Design is a way of thinking.
Design Thinking is an abstraction of the principles and process that designers use to solve problems. Every day, more and more companies are looking for new ways to innovate or solve business problems.
Innovation become an arduous and often frustrating task. The difficulty of achieving market differentiation vis-à-vis the competition growth by leaps and bounds. It is time to blaze new trails, to ensure not only companies’ success, but above all, their survival.
As a designer I look upon any experience that is harmful (whether emotionally, cognitively, or aesthetically), or otherwise disruptive of people’s well being is a problem (considering all aspects of life, such as work, leisure, relationships, culture, etc.). And so my main task is to identify problems and generate solutions for them.
As a designer I know that to identify the real problems and solve them most effectively, it is necessary to approach them from different perspectives and angles. Therefore it makes sense to favor collaborative efforts by multidisciplinary teams affording a diverse array of viewpoints, and a variety of interpretations on the subject at hand, which will yield innovative solutions.
So Design Thinking is a collaborative and a human centric way of solving problems.
I work in a multiphase and non-linear process known as fuzzy front end or double diamant process, allowing for constant interaction and learning. This forces me continuously to try new paths, opening up to alternatives: errorsgive rise to discovery, which helps to plot alternative courses and identify opportunities for innovation.
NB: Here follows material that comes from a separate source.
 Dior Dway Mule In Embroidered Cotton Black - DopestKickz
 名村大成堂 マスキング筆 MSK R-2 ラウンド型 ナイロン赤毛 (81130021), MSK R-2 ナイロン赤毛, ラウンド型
Innovation guided by design has come to complement the market’s view that, in order to innovate, one must focus on the development or integration of new technologies and on opening and/or servicing new markets: besides these technological and marketing factors,
Design Thinking consultancy innovates primarily by endowing products, services or relationships with new meanings. Since “things must have a form to be seen, but must make sense to be understood and used” (Krippendorf, 1989), design is by nature a discipline that deals with meanings. By challenging patterns of thought, behavior and feeling, “Design Thinkers” produce solutions that generate new meanings and activate diverse elements – cognitive, emotional and sensory – that are involved in the human experience.